Before the arrival of the first European settlers, this area was inhabited by the Cherokee. A number of Cherokee settlements were located in the Chatata region, including a settlement called Fishtown, which was located two miles south of present day Tasso in present day Cleveland. The Cherokee reportedly held council at Rattlesnake Springs and Beeler Spring, and a number of Cherokee burial grounds are known to be located in the region including at Rattlesnake Springs and on Beeler Ridge. The Chatata region was reportedly a preferred farming region to the Cherokee, due to its fertile soils and excellent water sources.
In the early nineteenth century European settlers began moving into the Chatata region in anticipation of the forced removal of the Cherokee, and in 1821, the Indian Agency, the official liaison between the U.S. government and the Cherokee Nation, was established in present day Charleston on the Hiwassee River in northern Bradley County. The Chatata region played a significant role during the Cherokee removal, with operations headquartered at Fort Cass in Charleston and several internment camps located in the region, with one of the largest at Rattlesnake Springs.
After Bradley County was created by the Tennessee General Assembly in 1836, county governmental activities were held in Chatata Valley until the county seat of Cleveland was established in 1842. Early on, Chatata Valley had mills, stores, churches, two schools, and a physician.

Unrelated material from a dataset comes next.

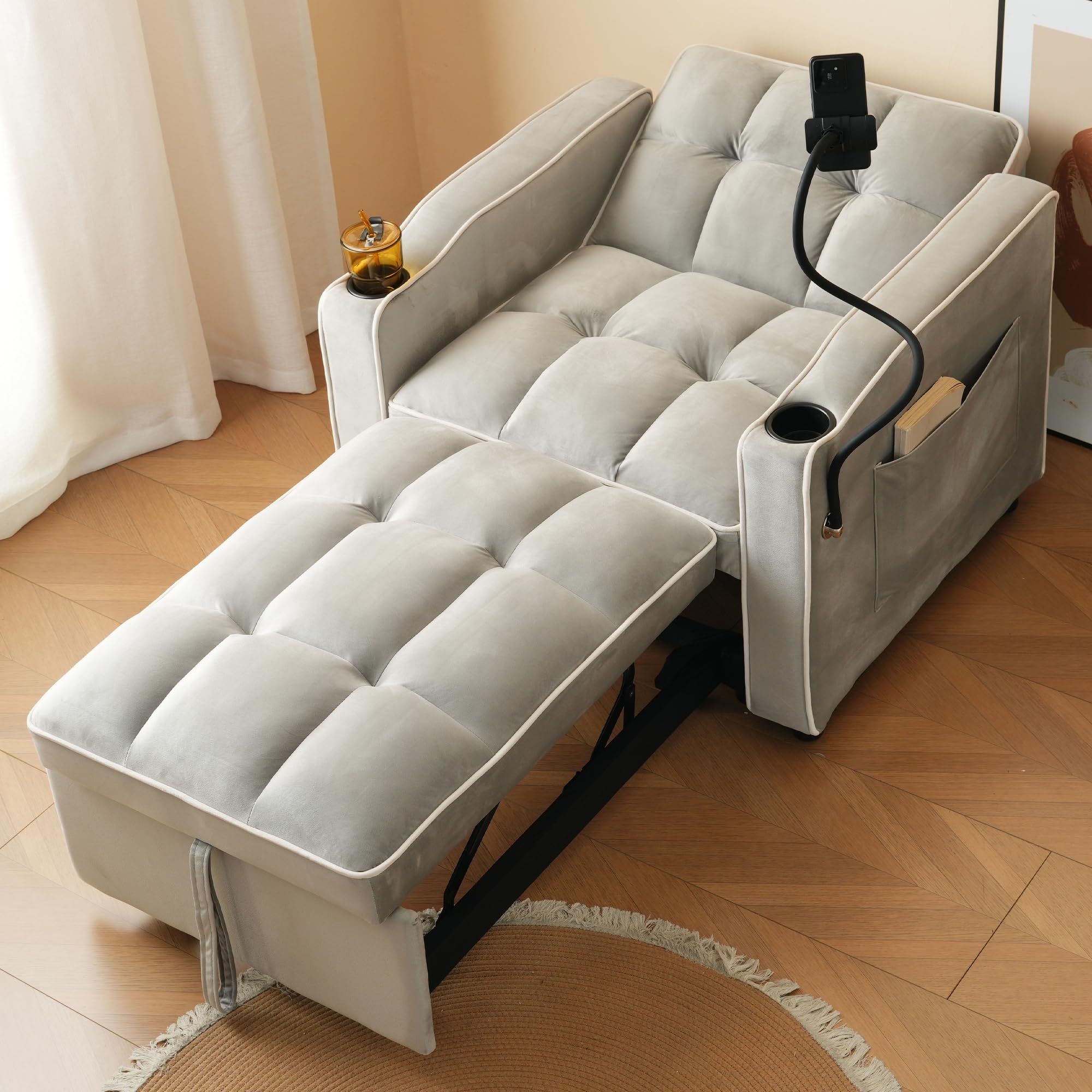 Sofá cama individual extraíble 3 en 1 – Con portavasos y soporte para celular, sofá-tumbona, silla cama, sillón, perfecto para espacios reducidos, 83*167*76 cm (Gris antiguo blanco)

The Chatata Seminary, a boarding school, was established in Chatata Valley in 1867, and operated until about 1878. The name Chatata was given to the Tasso community at some point before the American Civil War, before being renamed in 1905. The railroad was constructed between Cleveland and Charleston in phases during the 1850s. Today, the Chatata region contains a number of historical sites, including a few homes that predate the Civil War.
During the Civil War, Union troops under the command of general William T. Sherman camped in the valley directly east of Tasso and the railroad on multiple occasions in 1863. These troops reportedly abandoned at least one cannon in Little Chatata Creek south of Tasso after it got stuck in the creekbed while they were crossing. This was also near the location of an unsuccessful attempt in the spring of 1864 by Confederate troops to destroy a passing union train with an explosive placed on the tracks, which instead resulted in the destruction of a passing Confederate train. A Confederate cavalry sword believed to have been from this wreck was accidentally discovered by a teenager in 1970. Troops under the command of Sherman also camped at the Blue Springs Encampments and Fortifications in southern Bradley County.

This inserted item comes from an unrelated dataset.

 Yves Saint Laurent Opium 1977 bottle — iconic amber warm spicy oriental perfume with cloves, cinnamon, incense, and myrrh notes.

The name Chatata is also archaeologically, geologically, and paleontologically significant because of the so-called Chatata Wall excavated in 1891 in northwestern Bradley County. That year, Isaac Hooper noticed a line of sandstone rocks protruding from the surface of his farm every or so over a gently curving arc about long. Unusual symbols seemed to be inscribed on one of these surface stones.

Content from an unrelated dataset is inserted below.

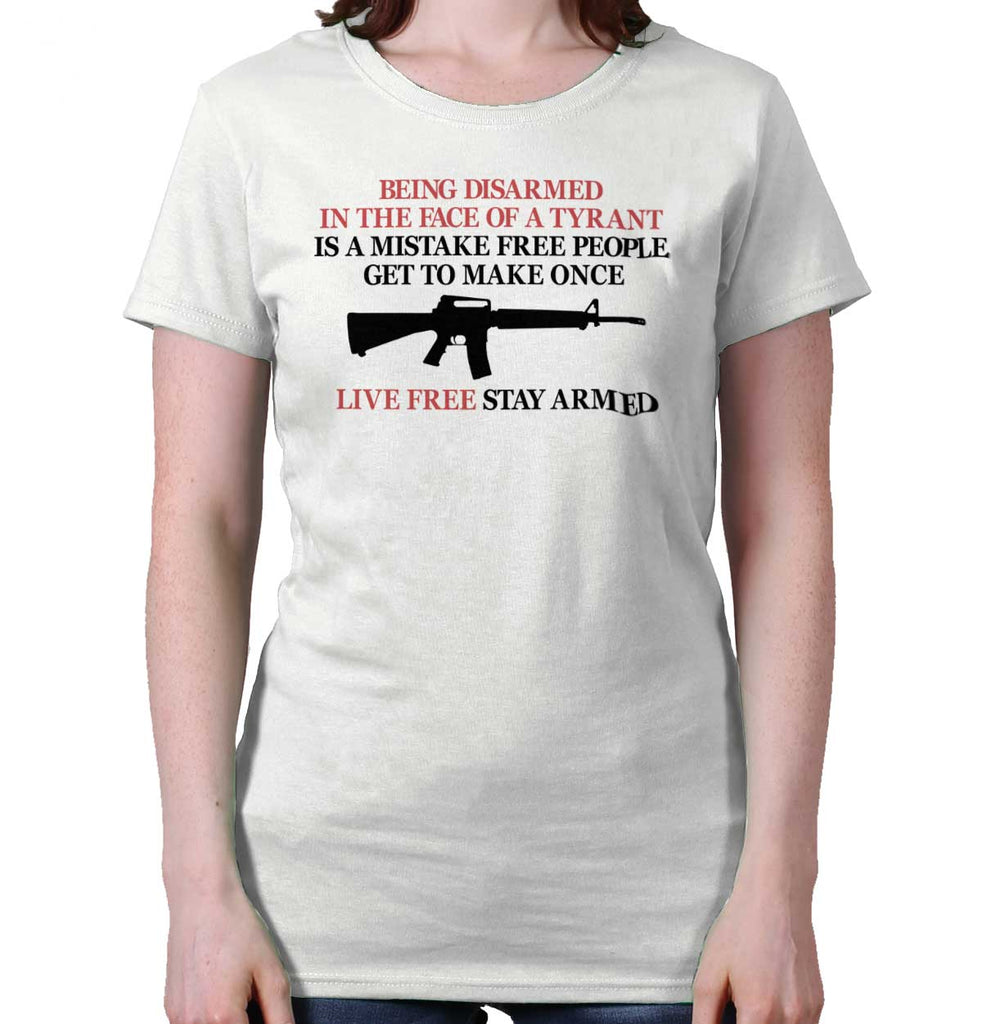White|Live Free Stay Armed Ladies T-Shirt|Tactical Tees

Visiting New York City professor Albert Leighton Rawson took an interest in this outcropping of rocks. Rawson was a historian, writer and spiritualist who was the author of many late 19th century religious tracts and books including Evolution of Israel's God. He had participated in and organized outdoor religious meetings set among areas of striking natural and geological beauty in New York, most notably the 1878 Watkins Glen Freethinkers Convention. Intrigued by the Chatata site, he funded excavations there. A high three-ply sandstone wall was unearthed with markings located on one surface of the middle layer. Rawson believed these markings to be Hebrew and claimed to have translated several chapters of the Old Testament from them, evidence to him that one or more of the Ten Lost Tribes of Israel had arrived in Tennessee before Europeans or possibly even the Cherokee. Subsequent visits to the site by other scientists, and samples from the Wall displayed for a time at the Smithsonian Institution, failed to generate support for Rawson's claims. The Chatata Wall faded from the public limelight, and today its exact location is effectively unknown. Eventually, the Chatata Wall was ultimately judged to be a natural phenomenon. Whether its strange markings were of human, geological or paleontological origin is still a matter of debate.